One of the propositions contained in Kant’s first chapter is that “we find that the more a cultivated reason applies itself with deliberate purpose to the enjoyment of life and happiness, so much the more does the man fail of true satisfaction.” A preliminary remark to be made on this statement is that in its sweeping form it is not true. I assert that it is untrue on the strength of personal experiences. In the course of my life there have occurred many intervals, averaging more than a month each, in which the pursuit of happiness was the sole object, and in which happiness was successfully pursued. How successfully, may be judged from the fact that I would gladly live over again each of those periods without change—an assertion which I certainly cannot make of any portions of my life spent in the daily discharge of duties. That which Kant should have said is that the exclusive pursuit of what are distinguished as pleasures and amusements, is disappointing. This is doubtless true; and for the obvious reason that it over-exercises one group of faculties and exhausts them, while it leaves unexercised another group of faculties, which consequently do not yield the gratifications accompanying their exercise. It is not, as Kant says, guidance by “a cultivated reason” which leads to disappointment, but guidance by an uncultivated reason; for a cultivated reason teaches that continuous action of a small part of the nature joined with inaction of the rest, must end in dissatisfaction.
But now, supposing we accept Kant’s statement in full, what is its implication? That happiness is the thing to be desired, and, in one way or another, the thing to be achieved. For if not, what meaning is there in the statement that it will not be achieved when made the immediate object? One who was thus admonished might properly rejoin:—“You say I shall fail to get happiness if I make it the object of pursuit? Suppose then I do not make it the object of my pursuit; shall I get it? If I do, then your admonition amounts to this, that I shall obtain it better if I proceed in some other way than that I adopt. If I do not get it, then I remain without happiness if I follow your way, just as much as if I follow my own, and nothing is gained.” An illustration will best show how the matter stands. To a tyro in archery the instructor says:—“Sir, you must not point your arrow directly at the target. If you do, you will inevitably miss it. You must aim high above the target; and you may then possibly pierce the bull’s eye.” What now is implied by the warning and the advice? Clearly that the purpose is to hit the target. Otherwise there is no sense in the remark that it will be missed if directly aimed at; and no sense in the remark that to be hit, something higher must be aimed at. Similarly with happiness. There is no sense in the remark that happiness will not be found if it is directly sought, unless happiness is a thing to be somehow or other obtained.

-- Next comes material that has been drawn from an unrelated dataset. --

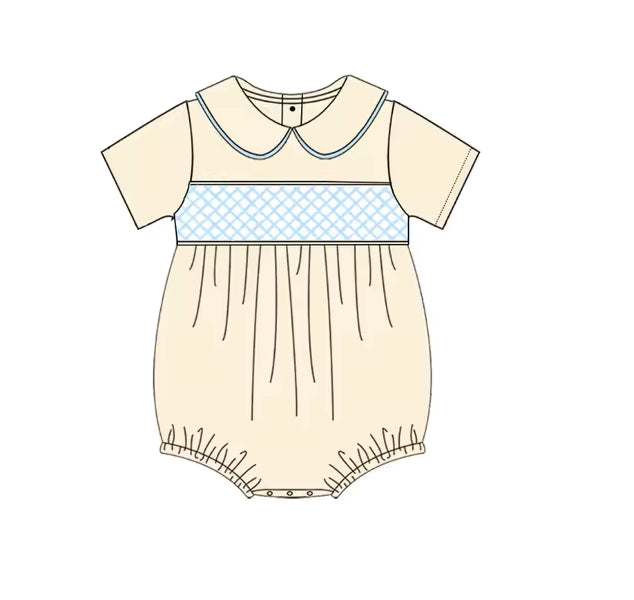 Baby boys smocked romper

“Yes; there is sense,” I hear it said. “Just as it may be that the target is not the thing to be hit at all, either by aiming directly or indirectly at it, but that some other thing is to be hit; so it may be that the thing to be achieved immediately or remotely is not happiness at all, but some other thing: the other thing being duty.” In answer to this the admonished man may reasonably say:—“What then is meant by Kant’s statement that the man who pursues happiness ‘fails of true satisfaction’? All happiness is made up of satisfactions. The ‘true satisfaction’ which Kant offers as an alternative, must be some kind of happiness; and if a truer satisfaction, must be a better happiness; and better must mean on the average, and in the long run, greater. If this ‘true satisfaction’ does not mean greater happiness of self,—distant if not proximate, in another life if not in this life—and if it does not mean greater happiness by achieving the happiness of others; then you propose to me as an end a smaller happiness instead of a greater, and I decline it.”
So that in this professed repudiation of happiness as an end, there lies the inavoidable implication that it is the end.
The last consideration introduces us naturally to another of Kant’s cardinal doctrines. That there may be no mistake in my representation of it, I must make a long quotation.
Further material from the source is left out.